Va anzitutto rilevato che, come più volte affermato da questa Corte, il reato di trattamento illecito di dati personali (L. 31.12.1996, n° 675, art. 35, oggi D.L.vo. 30.06.2003 n° 196, art. 167) non è integrato se il trattamento dei dati avvenga per fini esclusivamente personali, senza una loro diffusione o destinazione ad una comunicazione sistematica (Cass. Pen., Sez. V, Sent. n° 46454 del 22.10.2008, rv. 241966).
Orbene, è senz'altro fondato il rilievo secondo cui manca nella motivazione del Tribunale qualsiasi elemento indicativo al riguardo pure in presenza di espressa contestazione sul punto.
Poiché la questione attiene alla sussistenza del reato, si rende evidente la necessità di affrontare la questione, sia pure nei limiti ristretti della dimostrazione del fumus della sussistenza del reato, e, di conseguenza, la rilevata mancanza di motivazione giustifica di per se stessa l'annullamento con rinvio dell'Ordinanza impugnata.

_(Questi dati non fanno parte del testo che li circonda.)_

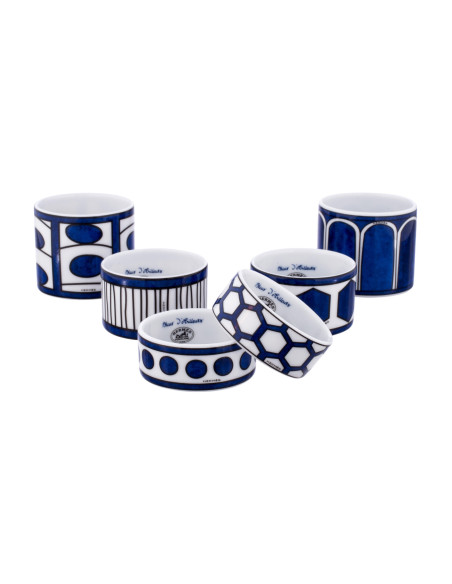 Hermès Bleus d'Ailleurs Set of 6 napkin ties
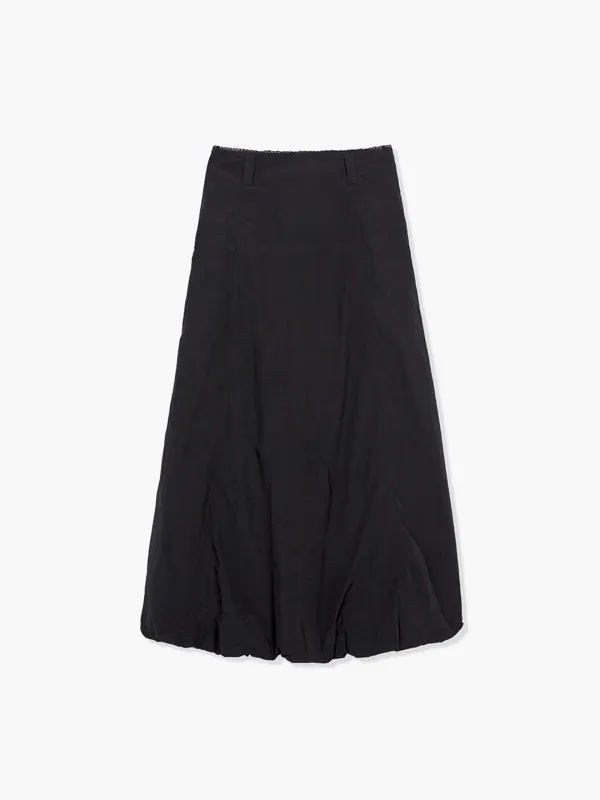 BALLOON LONG SKIRT_black
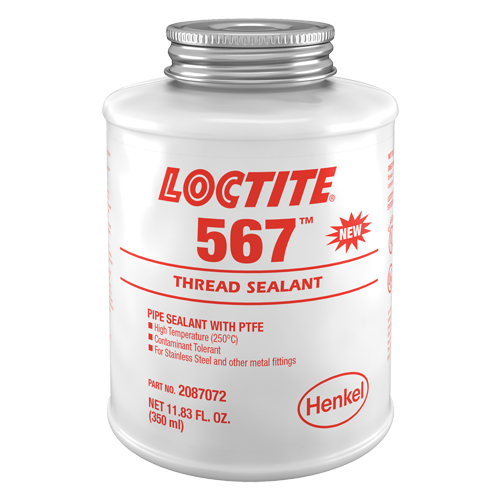 567 High Temperature Thread Sealant, Brush Top Bottle, 350 ml, -53.88° C - 204° C/-65° F - 400° F Brunswick Fyr & Safety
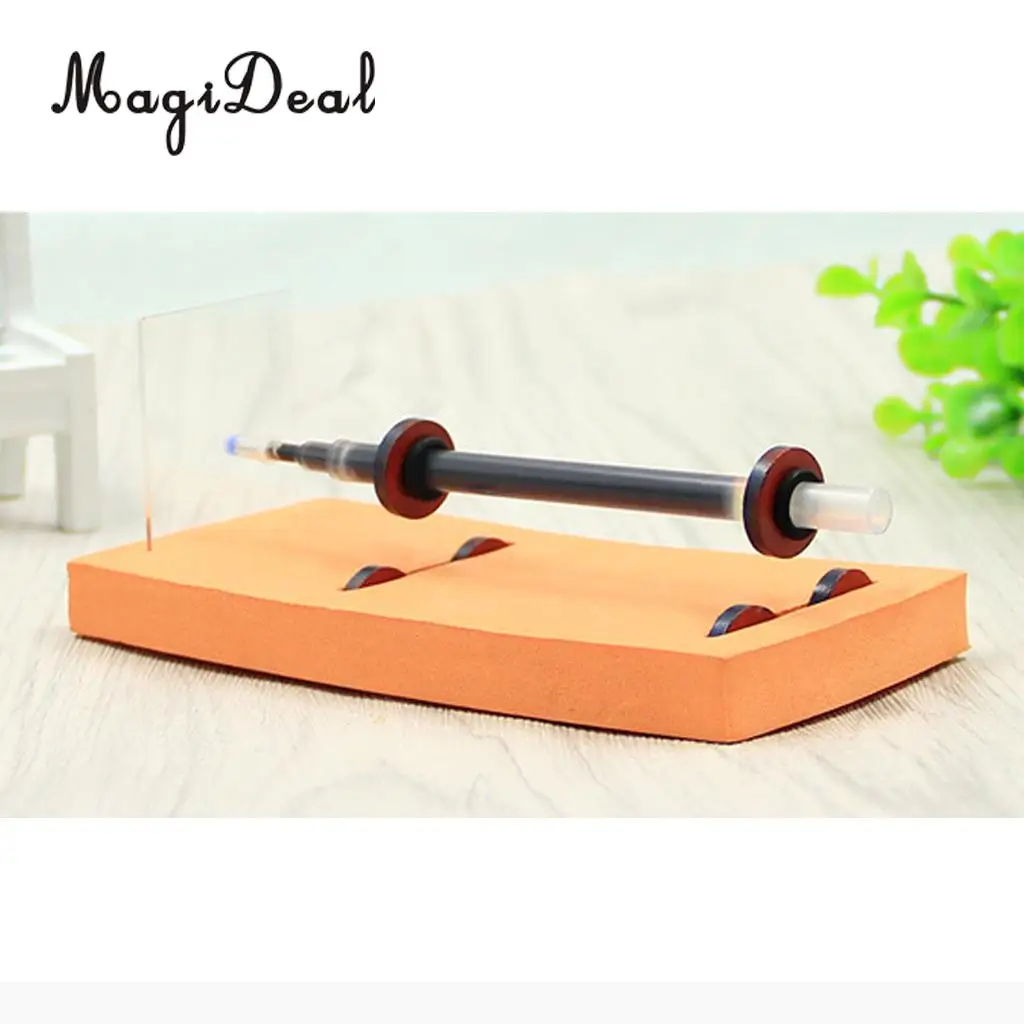 

MagiDeal Homemade Maglev Pen DIY Science Toy Technology Gizmo Physics Experiment Tool for Laboratory Teaching Prop Novelty Gift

Sostanzialmente elusa è anche la ulteriore questione posta dal ricorrente e, cioè, della mancata indicazione delle ragioni che rendono necessario il sequestro di tutto il compendio appreso (computer, materiale informatico, ecc.) che il ricorrente assume essere estraneo alla vicenda originata dalle denunce in atti.
Va ribadito, infatti, che, anche per le cose che costituiscono corpo di reato, il decreto di sequestro a fini di prova deve essere sorretto, a pena di nullità, da idonea motivazione in ordine al presupposto della finalità perseguita, in concreto, per l'accertamento dei fatti (Sez. Unite, Sent. n° 5876 del 28.01.2004, rv. 226711).
Né può ritenersi appagante la risposta del riesame che ingiustificatamente rimanda la decisione sul punto senza farsi carico di esaminare quanto già segnalato dal ricorrente sulla asserita utilizzazione di tali beni nell'ambito di attività lecite specificamente indicate.
Conclusivamente deve essere disposto l'annullamento con rinvio dell'Ordinanza impugnata.

P.Q.M.

La Corte Suprema di Cassazione annulla l'Ordinanza impugnata e rinvia al Tribunale di Ancona.
Così deciso in Roma, il 20.12.2012.
Depositato in Cancelleria il 11.03.2013.